The Only Thing Worth Bragging About
CONCLUSIONS: PART 5
The Father's smile
So much of our spirituality and religion is greatly affected by who we know God to be. A.W. Tozer said, "Nothing twists and deforms the soul more than a low or unworthy conception of God." We all have within us a gallery images of who God is, and those images dramatically affect our responses to Him. This gallery greatly affects the faith and religion we live out each day in relationship with God. The trouble is many, if not most of those images are distorted at best or entirely false at worst. This God many of us relate and respond to is not the God of scripture, and we begin to wonder why some of us live out such a grim, hard, and loveless faith each day.
It is because the God we have come to believe is distant and hard to please. God becomes a cold Father demanding your work without encouragement or love or pride in you. It is very difficult to serve that god with enthusiasm or joy. It is difficult not to chalk up other more enthusiastic brothers and sisters to fanaticism when the god you know is cold, removed, and grim. But this is not the God presented in scripture. This is the god of the Pharisees and he will always drive a Pharisaic religion and faith.
The moment I was first ambushed by the love of God is when I came to see the Father of Scripture who loves and delights in me, His son. He comes close to me in a true fellowship where I can find rest and healing. He is not hard to please.
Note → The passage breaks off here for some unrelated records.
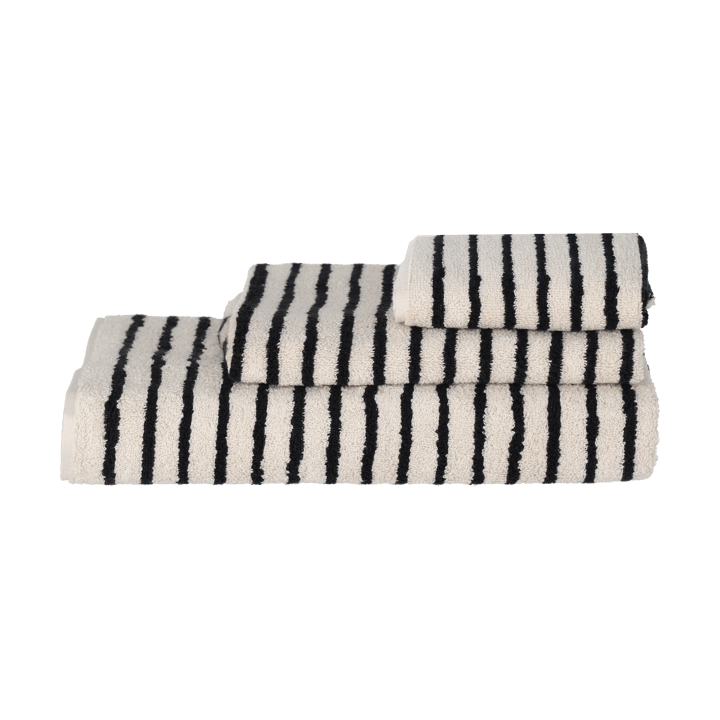 Drift handdoek 50x70 cm, Wit-zwart Scandi Living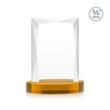 Messina Award on Alberton Base - Amber | https://www.bestnamebadges.com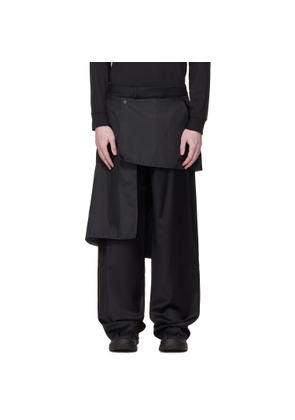 HELIOT EMIL Black Levade Tailored Trousers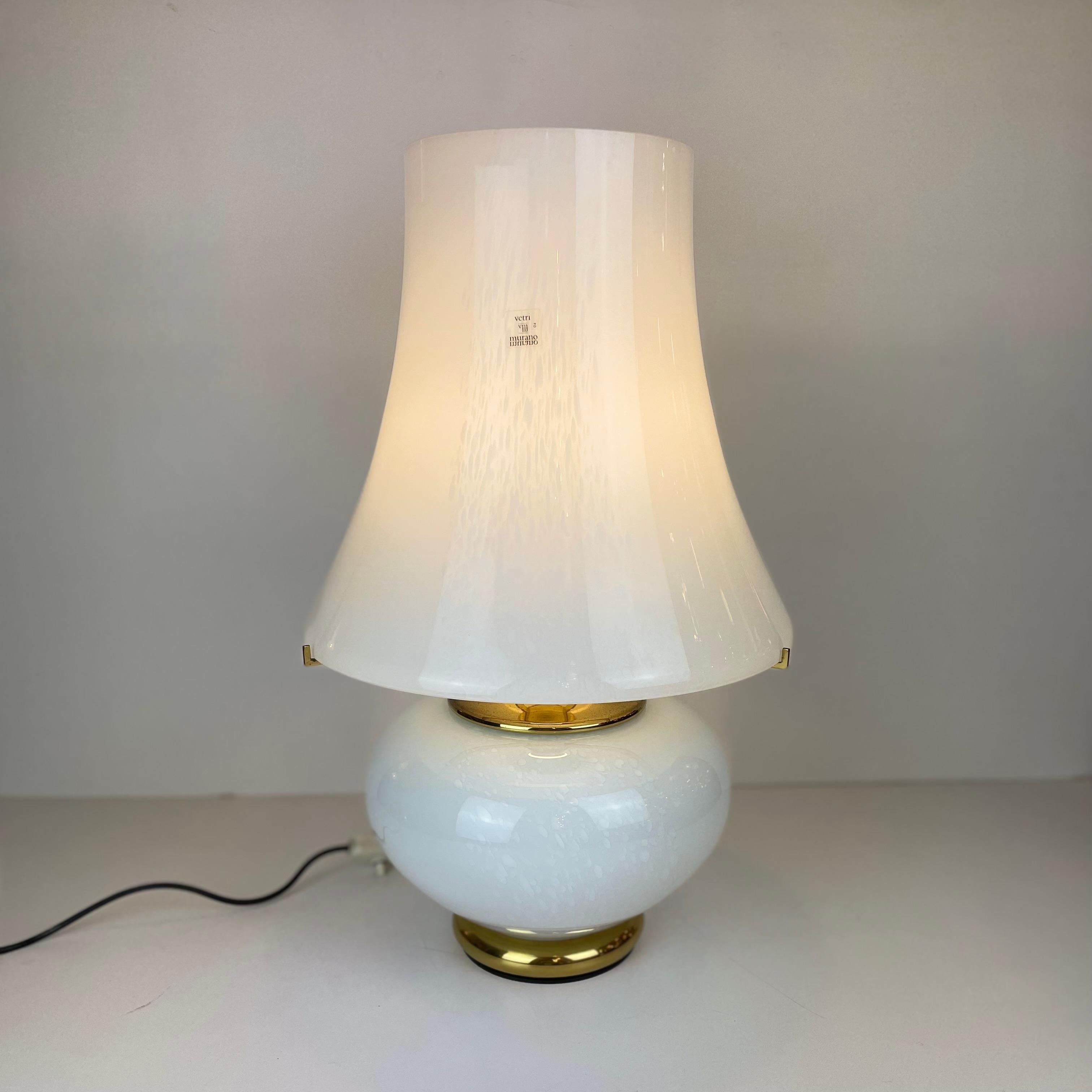 Murano Table Lamp by F. Fabbian, 1970s In Good Condition For Sale In Brussel, BE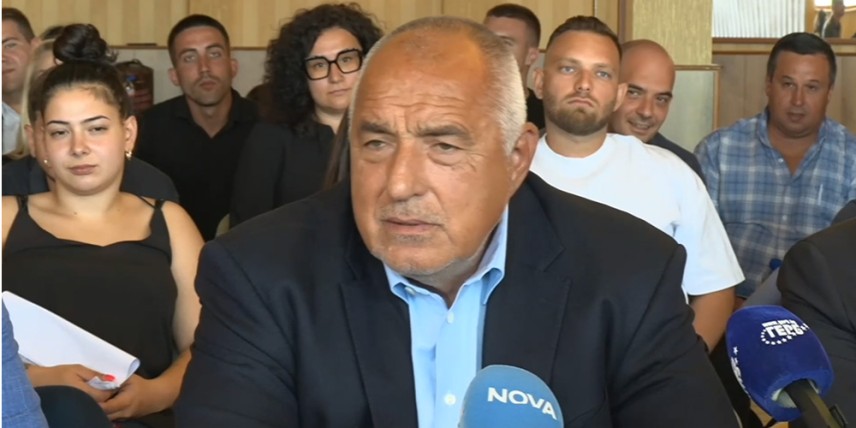 Бойко Борисов, лидер на ГЕРБ / снимка: кадър Нова тв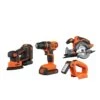 Black & Decker 20V MAX* POWERCONNECT™ Cordless Drill Combo Kit, 4 Tool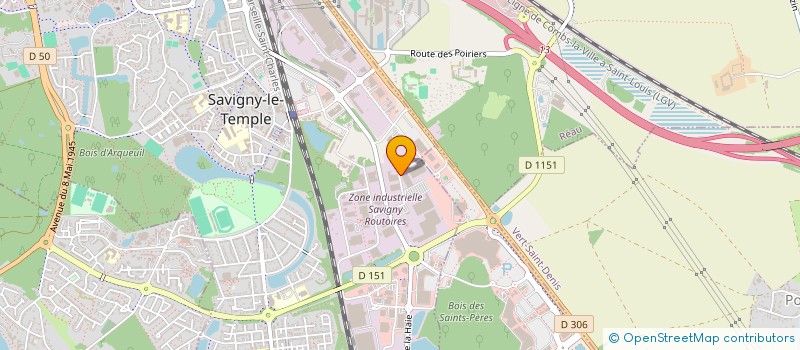 localisation de l'entreprise BMO BERGUY MECANIQUE OUTILLAGE à SAVIGNY-LE-TEMPLE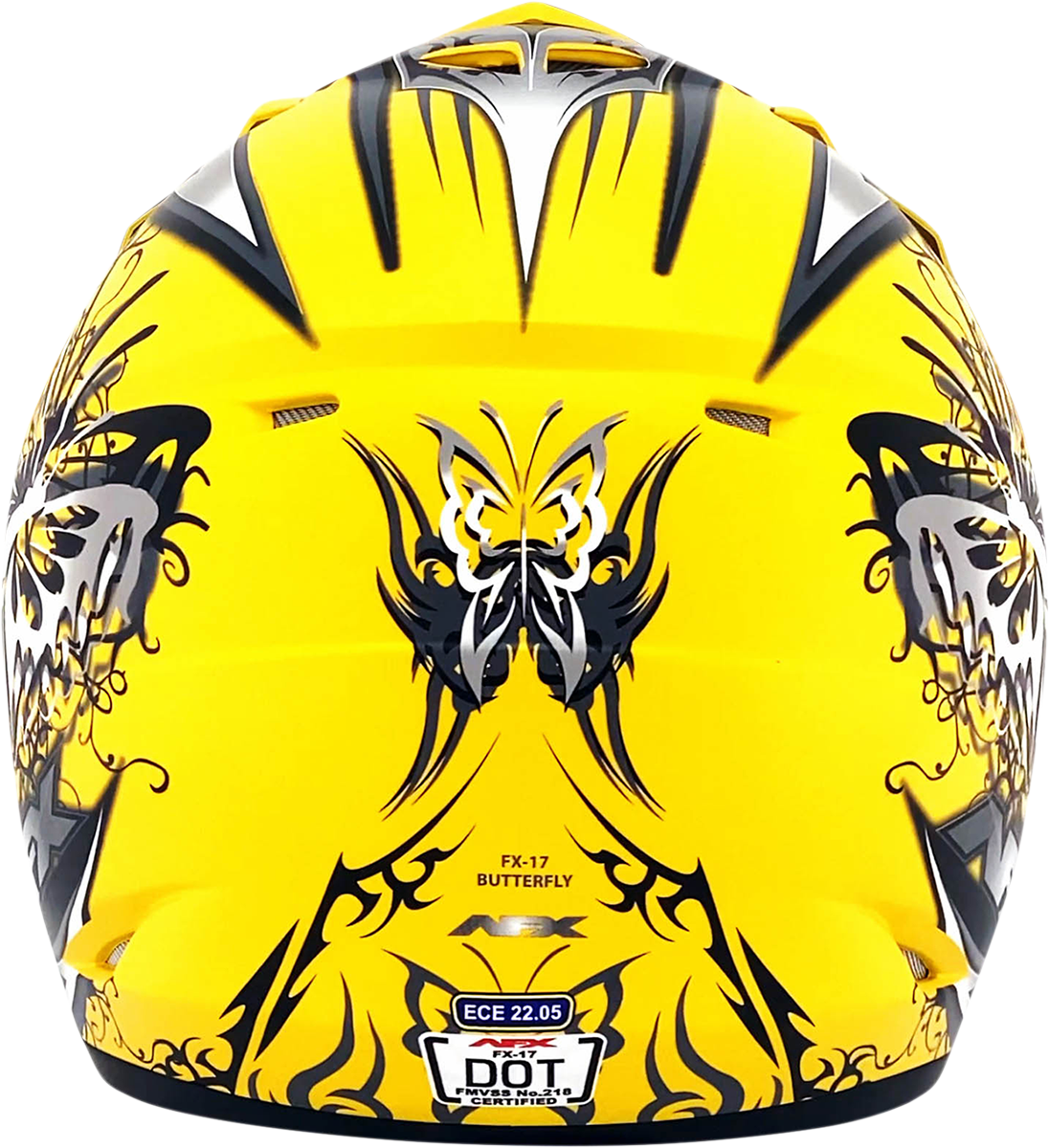 AFX FX-17 Offroad Helmet Butterfly Matte Yellow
Yes, he disciplines us, but I have come to know His delight and smile. He will correct and challenge me with the smile of a Father who is tender and proud. My Abba is proud of me and knows I am His "imperfect by promising" son. I see His delighted smile which knows I am coming to look more and more like my Abba every day.
This journal
It has been since June that I resigned just after starting this journal. Journals have legs to walk with you through various journeys and seasons. Journals have backs and hearts to carry a great deal of things so you do not have to. This journal is a gift from a friend I have not seen or spoken with in many years. It was a random gift which arrived just before an enormous life change I did not foresee at the time. This journal came to me from a friend who has always been a strong encouragement to "Keep writing. Always keep writing." This journal came from this friend just before a season where it would have been easy to cease writing.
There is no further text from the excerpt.